Подобно тому, как человек незаметно для себя носит вес собственного тела, но чувствует всякую постороннюю тяжесть, которую он хочет подвинуть, точно так же мы не замечаем собственных ошибок и пороков, а видим лишь пороки и ошибки других. Но зато каждый имеет в другом зеркало, где явственно отражаются его собственные пороки, ошибки, неблагопристойные и отвратительные стороны. Однако в большинстве случаев он поступает при этом подобно собаке, которая лает на зеркало, не зная, что она видит самое себя, а думая, что это другая собака. Кто критикует других, тот работает над собственным исправлением.
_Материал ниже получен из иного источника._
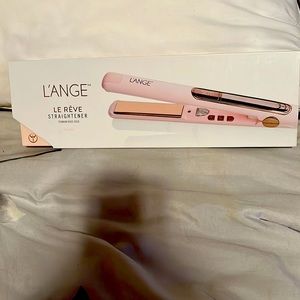 Le Reve titanium Rose Gold hair straightner never used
Как бумажные деньги вместо серебра, так вместо истинного уважения и истинной дружбы на свете циркулируют их внешние проявления и возможно естественнее скопированные телесные выражения. С другой стороны, впрочем, еще вопрос, существуют ли люди, которые бы их действительно заслуживали. Во всяком случае, я больше доверяю виляющему хвосту честной собаки, нежели сотне таких заявлений и ужимок.
Друзья дома большей частью правильно носят это название, так как они бывают больше друзьями дома, нежели хозяина, то есть более подобны кошкам, чем собакам. Друзья именуются чистосердечными; враги действительно таковы; вот почему надо пользоваться их порицанием в целях самопознания, как больные принимают горькое лекарство.
Вежливость – это ум; невежливость, следовательно, это – глупость: без нужды и добровольно наживать себе с ее помощью врагов – безумие, подобное тому как если человек поджигает свой дом. Ибо вежливость, как расчетное средство, явно фальшивая монета: быть скупым на нее значит не иметь ума; ум требует, напротив, щедрости в этом отношении. Все нации кончают письмо словами «votre très humble serviteur», «jour most obedient servant», «suo devotissimo servo», «ваш покорный слуга»; только немцы воздерживаются от «слуги» – потому, конечно, что ведь это была бы неправда!.. Кто же доводит вежливость до пожертвования реальными интересами, тот уподобляется человеку, который стал бы вместо бумажных денег раздавать настоящие золотые. Как для воска, от природы твердого и упорного, достаточно немного теплоты, чтобы он стал мягок и принял какую угодно форму, так даже людей сварливых и злобных немного вежливости и дружелюбия способны сделать уступчивыми и услужливыми. Таким образом, вежливость для человека то же, что для воска тепло.
Молчаливость самым настоятельным образом и с помощью самых разнообразных аргументов рекомендовалась всеми наставниками житейской мудрости; поэтому я могу ограничиться сказанным. Прибавлю еще только две‑три арабские максимы, которые особенно удачны и малоизвестны: «Чего не должен знать твой враг, того не говори своему другу»; «Если я скрою свою тайну, она – моя пленница; если я ее выпущу, я – ее пленник»; «На древе молчания растет его плод – мир».
Никакие деньги не бывают помещены выгоднее, чем те, которые мы позволили отнять у себя обманным путем, ибо за них мы непосредственно приобретаем благоразумие.
Выражать свой гнев или ненависть словами либо выражением лица бесполезно, опасно, неумно, смешно, пошло. Не надо, следовательно, никогда показывать своего гнева либо ненависти иначе как на деле. Последнее удастся нам тем полнее, чем полнее избежим мы первого. Ядовитые животные встречаются только среди холоднокровных.
Parler sans accent[120] – это старое правило светских людей рассчитано на то, чтобы предоставлять уму других разбираться в том, что мы сказали; он работает медленно, и прежде чем он справится с этим, нас уже нет. Напротив, parler avec accent[121] – значит обращаться к чувству, а здесь все получается наоборот. Иным людям можно с вежливой миной и в дружеском тоне наговорить даже настоящих дерзостей, не подвергаясь от этого непосредственной опасности.